_Assignment_
In your reply, reproduce every line of the data without any alteration.

Data excerpts:
- - - -

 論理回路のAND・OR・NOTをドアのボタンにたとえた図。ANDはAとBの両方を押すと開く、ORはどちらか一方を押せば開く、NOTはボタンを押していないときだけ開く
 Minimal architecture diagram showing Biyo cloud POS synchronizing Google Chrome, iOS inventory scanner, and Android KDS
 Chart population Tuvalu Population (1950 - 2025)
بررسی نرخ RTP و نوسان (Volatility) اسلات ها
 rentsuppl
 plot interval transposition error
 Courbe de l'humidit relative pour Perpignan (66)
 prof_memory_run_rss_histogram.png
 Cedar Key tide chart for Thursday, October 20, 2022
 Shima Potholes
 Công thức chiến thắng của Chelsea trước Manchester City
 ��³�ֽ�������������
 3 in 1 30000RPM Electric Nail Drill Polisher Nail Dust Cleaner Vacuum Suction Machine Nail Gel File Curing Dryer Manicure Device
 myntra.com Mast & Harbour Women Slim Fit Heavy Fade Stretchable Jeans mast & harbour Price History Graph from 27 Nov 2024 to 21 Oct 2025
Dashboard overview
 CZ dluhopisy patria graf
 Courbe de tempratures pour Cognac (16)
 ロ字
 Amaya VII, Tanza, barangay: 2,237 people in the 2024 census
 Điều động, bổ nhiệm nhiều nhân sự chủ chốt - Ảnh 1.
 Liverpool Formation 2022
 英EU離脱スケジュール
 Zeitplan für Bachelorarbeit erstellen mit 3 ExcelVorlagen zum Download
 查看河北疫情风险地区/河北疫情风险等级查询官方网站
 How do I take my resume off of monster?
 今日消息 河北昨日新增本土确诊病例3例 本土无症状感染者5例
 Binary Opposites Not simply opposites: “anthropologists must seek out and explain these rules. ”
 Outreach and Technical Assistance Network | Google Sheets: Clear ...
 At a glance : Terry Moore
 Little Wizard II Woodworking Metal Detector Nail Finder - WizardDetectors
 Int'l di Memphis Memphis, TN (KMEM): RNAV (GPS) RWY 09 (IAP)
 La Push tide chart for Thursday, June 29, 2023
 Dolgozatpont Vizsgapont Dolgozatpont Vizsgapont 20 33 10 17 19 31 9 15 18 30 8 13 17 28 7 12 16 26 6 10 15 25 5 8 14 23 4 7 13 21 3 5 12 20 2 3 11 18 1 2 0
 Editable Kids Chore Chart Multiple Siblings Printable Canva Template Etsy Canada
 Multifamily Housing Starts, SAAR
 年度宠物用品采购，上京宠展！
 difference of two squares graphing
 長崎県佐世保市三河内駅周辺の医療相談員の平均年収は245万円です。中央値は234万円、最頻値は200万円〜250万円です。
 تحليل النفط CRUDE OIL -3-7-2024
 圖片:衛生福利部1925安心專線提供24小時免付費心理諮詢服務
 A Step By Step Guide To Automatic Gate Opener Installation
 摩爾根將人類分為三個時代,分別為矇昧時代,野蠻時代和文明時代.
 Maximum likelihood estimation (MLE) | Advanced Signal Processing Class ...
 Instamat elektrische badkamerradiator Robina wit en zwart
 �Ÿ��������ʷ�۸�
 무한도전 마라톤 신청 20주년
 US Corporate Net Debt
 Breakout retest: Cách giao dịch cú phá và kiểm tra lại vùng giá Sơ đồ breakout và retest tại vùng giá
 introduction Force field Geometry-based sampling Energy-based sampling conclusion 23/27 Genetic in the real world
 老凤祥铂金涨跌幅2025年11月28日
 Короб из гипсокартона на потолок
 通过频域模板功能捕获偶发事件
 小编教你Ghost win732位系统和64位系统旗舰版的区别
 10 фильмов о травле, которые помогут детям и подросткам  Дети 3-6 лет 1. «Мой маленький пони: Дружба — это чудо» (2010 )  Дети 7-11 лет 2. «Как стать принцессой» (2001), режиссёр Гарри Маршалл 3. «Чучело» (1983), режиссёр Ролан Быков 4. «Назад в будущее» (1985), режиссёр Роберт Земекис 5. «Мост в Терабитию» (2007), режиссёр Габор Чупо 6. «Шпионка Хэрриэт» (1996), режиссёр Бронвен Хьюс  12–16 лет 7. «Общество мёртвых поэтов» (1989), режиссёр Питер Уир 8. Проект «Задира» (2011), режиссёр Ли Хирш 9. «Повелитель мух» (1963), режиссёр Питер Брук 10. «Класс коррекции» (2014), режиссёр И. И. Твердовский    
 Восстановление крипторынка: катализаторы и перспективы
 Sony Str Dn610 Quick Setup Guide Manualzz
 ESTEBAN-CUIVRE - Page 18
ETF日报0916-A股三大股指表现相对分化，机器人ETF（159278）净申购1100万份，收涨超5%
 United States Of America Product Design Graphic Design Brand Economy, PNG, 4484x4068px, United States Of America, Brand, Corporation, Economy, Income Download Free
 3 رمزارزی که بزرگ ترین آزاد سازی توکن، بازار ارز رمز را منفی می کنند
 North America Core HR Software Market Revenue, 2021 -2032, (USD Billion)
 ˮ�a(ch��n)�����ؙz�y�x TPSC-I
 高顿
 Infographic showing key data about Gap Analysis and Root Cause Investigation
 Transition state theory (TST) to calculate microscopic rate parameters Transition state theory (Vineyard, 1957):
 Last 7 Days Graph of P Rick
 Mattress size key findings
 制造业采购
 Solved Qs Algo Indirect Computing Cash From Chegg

- - - -

_Answer box_
 論理回路のAND・OR・NOTをドアのボタンにたとえた図。ANDはAとBの両方を押すと開く、ORはどちらか一方を押せば開く、NOTはボタンを押していないときだけ開く
 Minimal architecture diagram showing Biyo cloud POS synchronizing Google Chrome, iOS inventory scanner, and Android KDS
 Chart population Tuvalu Population (1950 - 2025)
بررسی نرخ RTP و نوسان (Volatility) اسلات ها
 rentsuppl
 plot interval transposition error
 Courbe de l'humidit relative pour Perpignan (66)
 prof_memory_run_rss_histogram.png
 Cedar Key tide chart for Thursday, October 20, 2022
 Shima Potholes
 Công thức chiến thắng của Chelsea trước Manchester City
 ��³�ֽ�������������
 3 in 1 30000RPM Electric Nail Drill Polisher Nail Dust Cleaner Vacuum Suction Machine Nail Gel File Curing Dryer Manicure Device
 myntra.com Mast & Harbour Women Slim Fit Heavy Fade Stretchable Jeans mast & harbour Price History Graph from 27 Nov 2024 to 21 Oct 2025
Dashboard overview
 CZ dluhopisy patria graf
 Courbe de tempratures pour Cognac (16)
 ロ字
 Amaya VII, Tanza, barangay: 2,237 people in the 2024 census
 Điều động, bổ nhiệm nhiều nhân sự chủ chốt - Ảnh 1.
 Liverpool Formation 2022
 英EU離脱スケジュール
 Zeitplan für Bachelorarbeit erstellen mit 3 ExcelVorlagen zum Download
 查看河北疫情风险地区/河北疫情风险等级查询官方网站
 How do I take my resume off of monster?
 今日消息 河北昨日新增本土确诊病例3例 本土无症状感染者5例
 Binary Opposites Not simply opposites: “anthropologists must seek out and explain these rules. ”
 Outreach and Technical Assistance Network | Google Sheets: Clear ...
 At a glance : Terry Moore
 Little Wizard II Woodworking Metal Detector Nail Finder - WizardDetectors
 Int'l di Memphis Memphis, TN (KMEM): RNAV (GPS) RWY 09 (IAP)
 La Push tide chart for Thursday, June 29, 2023
 Dolgozatpont Vizsgapont Dolgozatpont Vizsgapont 20 33 10 17 19 31 9 15 18 30 8 13 17 28 7 12 16 26 6 10 15 25 5 8 14 23 4 7 13 21 3 5 12 20 2 3 11 18 1 2 0
 Editable Kids Chore Chart Multiple Siblings Printable Canva Template Etsy Canada
 Multifamily Housing Starts, SAAR
 年度宠物用品采购，上京宠展！
 difference of two squares graphing
 長崎県佐世保市三河内駅周辺の医療相談員の平均年収は245万円です。中央値は234万円、最頻値は200万円〜250万円です。
 تحليل النفط CRUDE OIL -3-7-2024
 圖片:衛生福利部1925安心專線提供24小時免付費心理諮詢服務
 A Step By Step Guide To Automatic Gate Opener Installation
 摩爾根將人類分為三個時代,分別為矇昧時代,野蠻時代和文明時代.
 Maximum likelihood estimation (MLE) | Advanced Signal Processing Class ...
 Instamat elektrische badkamerradiator Robina wit en zwart
 �Ÿ��������ʷ�۸�
 무한도전 마라톤 신청 20주년
 US Corporate Net Debt
 Breakout retest: Cách giao dịch cú phá và kiểm tra lại vùng giá Sơ đồ breakout và retest tại vùng giá
 introduction Force field Geometry-based sampling Energy-based sampling conclusion 23/27 Genetic in the real world
 老凤祥铂金涨跌幅2025年11月28日
 Короб из гипсокартона на потолок
 通过频域模板功能捕获偶发事件
 小编教你Ghost win732位系统和64位系统旗舰版的区别
 10 фильмов о травле, которые помогут детям и подросткам  Дети 3-6 лет 1. «Мой маленький пони: Дружба — это чудо» (2010 )  Дети 7-11 лет 2. «Как стать принцессой» (2001), режиссёр Гарри Маршалл 3. «Чучело» (1983), режиссёр Ролан Быков 4. «Назад в будущее» (1985), режиссёр Роберт Земекис 5. «Мост в Терабитию» (2007), режиссёр Габор Чупо 6. «Шпионка Хэрриэт» (1996), режиссёр Бронвен Хьюс  12–16 лет 7. «Общество мёртвых поэтов» (1989), режиссёр Питер Уир 8. Проект «Задира» (2011), режиссёр Ли Хирш 9. «Повелитель мух» (1963), режиссёр Питер Брук 10. «Класс коррекции» (2014), режиссёр И. И. Твердовский    
 Восстановление крипторынка: катализаторы и перспективы
 Sony Str Dn610 Quick Setup Guide Manualzz
 ESTEBAN-CUIVRE - Page 18
ETF日报0916-A股三大股指表现相对分化，机器人ETF（159278）净申购1100万份，收涨超5%
 United States Of America Product Design Graphic Design Brand Economy, PNG, 4484x4068px, United States Of America, Brand, Corporation, Economy, Income Download Free
 3 رمزارزی که بزرگ ترین آزاد سازی توکن، بازار ارز رمز را منفی می کنند
 North America Core HR Software Market Revenue, 2021 -2032, (USD Billion)
 ˮ�a(ch��n)�����ؙz�y�x TPSC-I
 高顿
 Infographic showing key data about Gap Analysis and Root Cause Investigation
 Transition state theory (TST) to calculate microscopic rate parameters Transition state theory (Vineyard, 1957):
 Last 7 Days Graph of P Rick
 Mattress size key findings
 制造业采购
 Solved Qs Algo Indirect Computing Cash From Chegg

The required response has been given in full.